**Task material:**
★ ★ ★
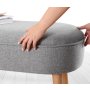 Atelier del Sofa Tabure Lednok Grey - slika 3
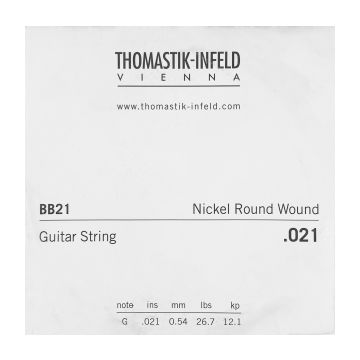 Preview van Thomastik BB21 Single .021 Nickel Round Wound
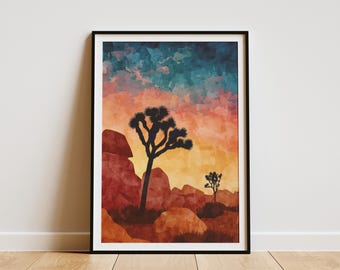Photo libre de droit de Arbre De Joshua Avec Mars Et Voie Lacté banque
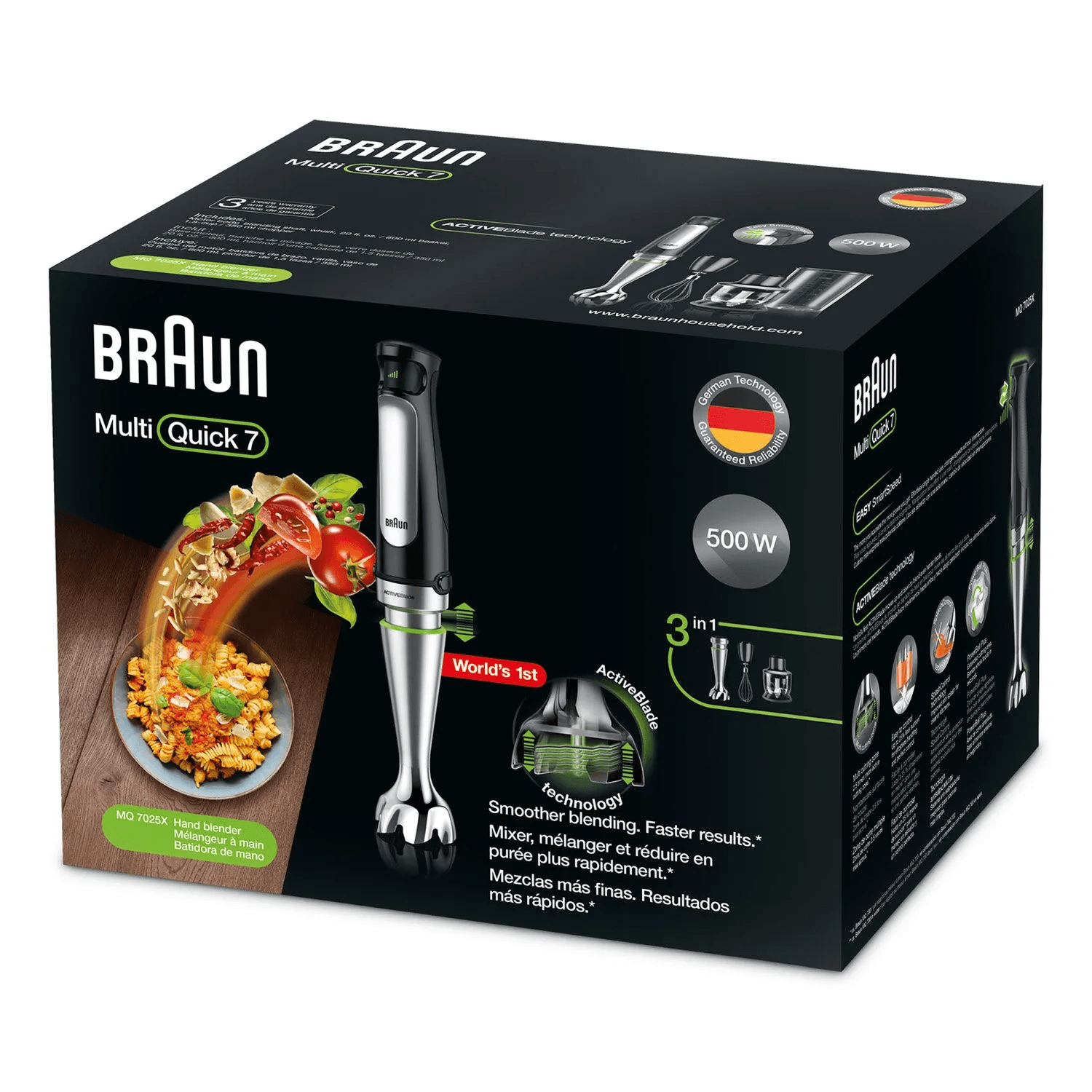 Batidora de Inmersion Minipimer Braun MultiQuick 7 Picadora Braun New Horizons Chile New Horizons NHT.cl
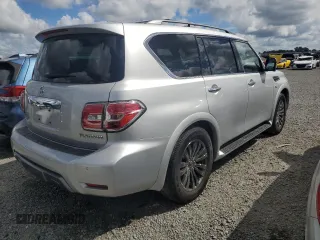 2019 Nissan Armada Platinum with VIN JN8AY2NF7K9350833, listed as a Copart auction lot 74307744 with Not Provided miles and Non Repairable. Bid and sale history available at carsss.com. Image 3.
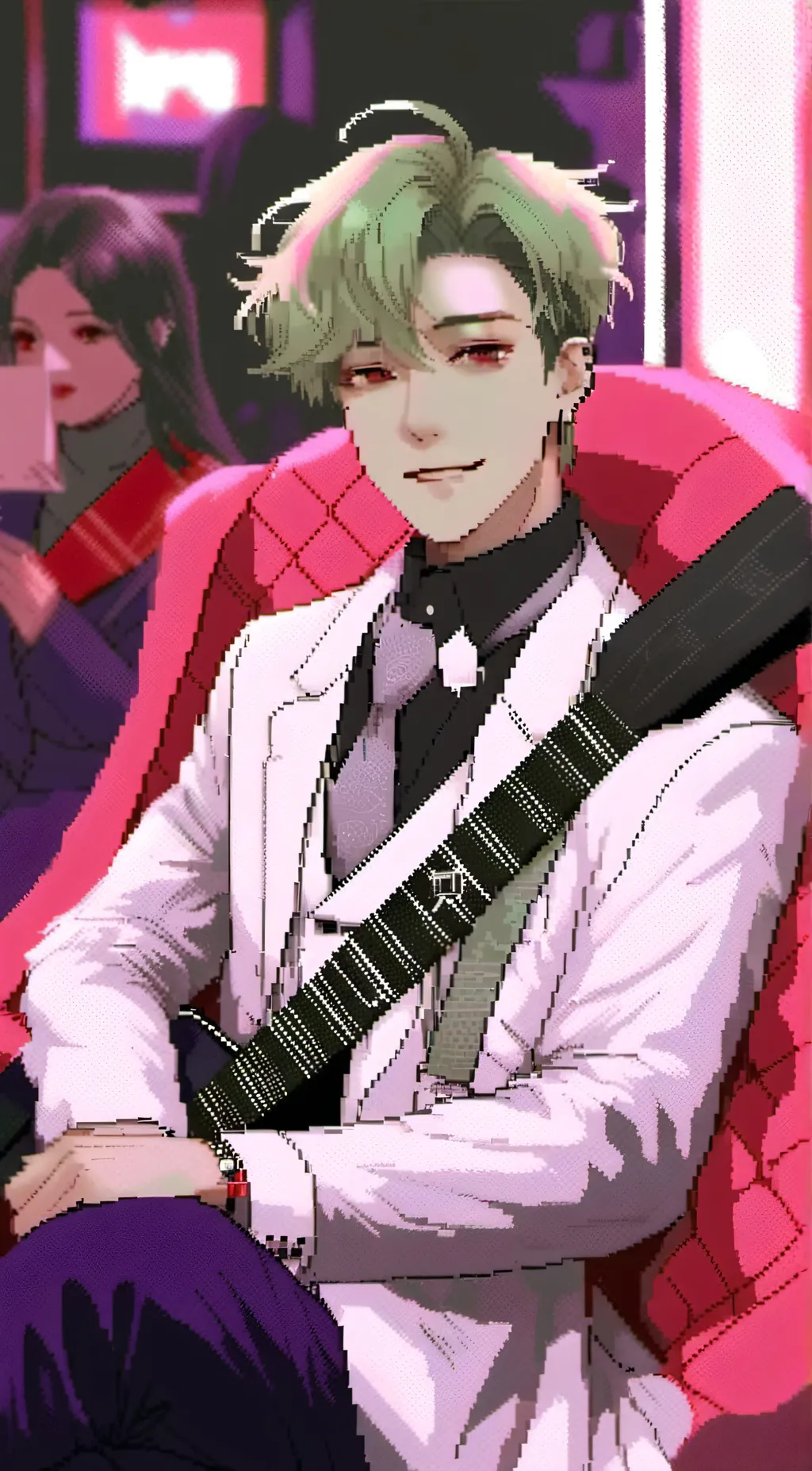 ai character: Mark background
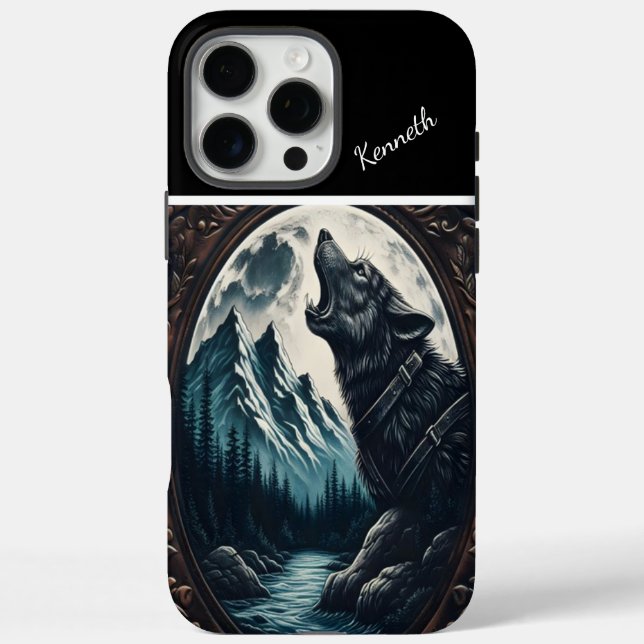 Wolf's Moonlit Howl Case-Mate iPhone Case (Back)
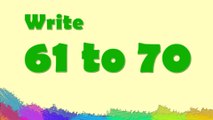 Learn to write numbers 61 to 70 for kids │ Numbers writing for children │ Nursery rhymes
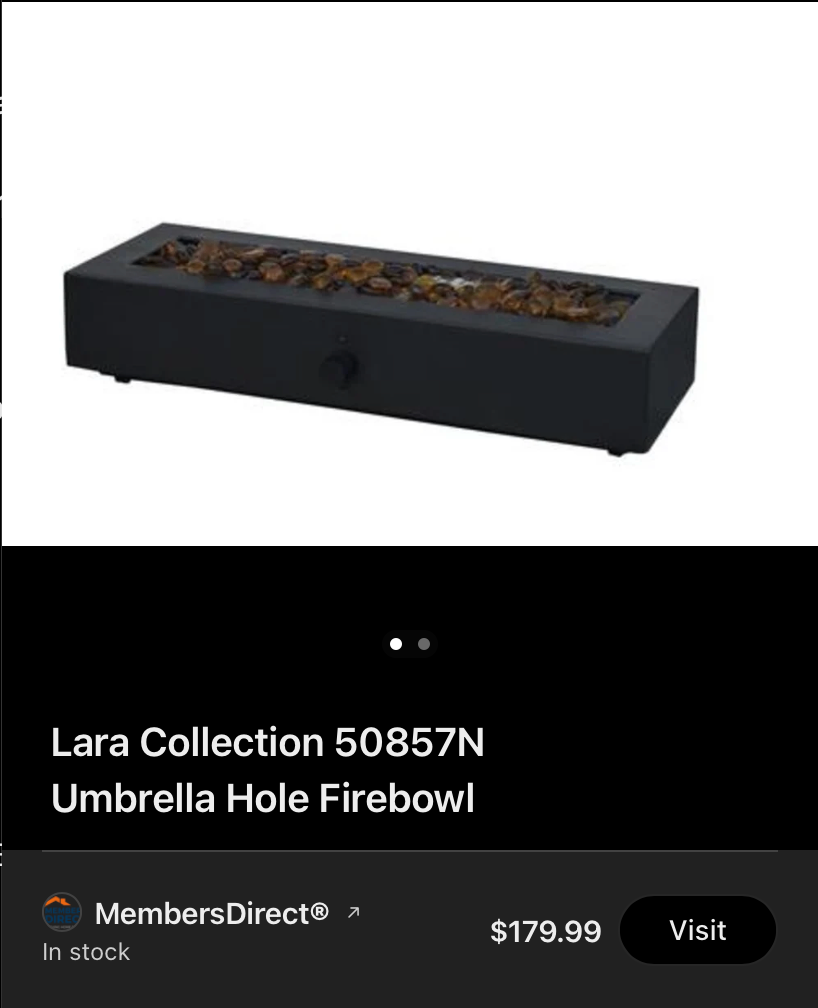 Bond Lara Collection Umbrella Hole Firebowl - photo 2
★ ★ ★
**What the task requires:** Write out exactly the lines that run from the one containing "Wolf's Moonlit Howl" to the last line of the entries above, both ends kept, pictures left out.

**Exercise solution:**
 Wolf's Moonlit Howl Case-Mate iPhone Case (Back)
 Learn to write numbers 61 to 70 for kids │ Numbers writing for children │ Nursery rhymes
 Bond Lara Collection Umbrella Hole Firebowl - photo 2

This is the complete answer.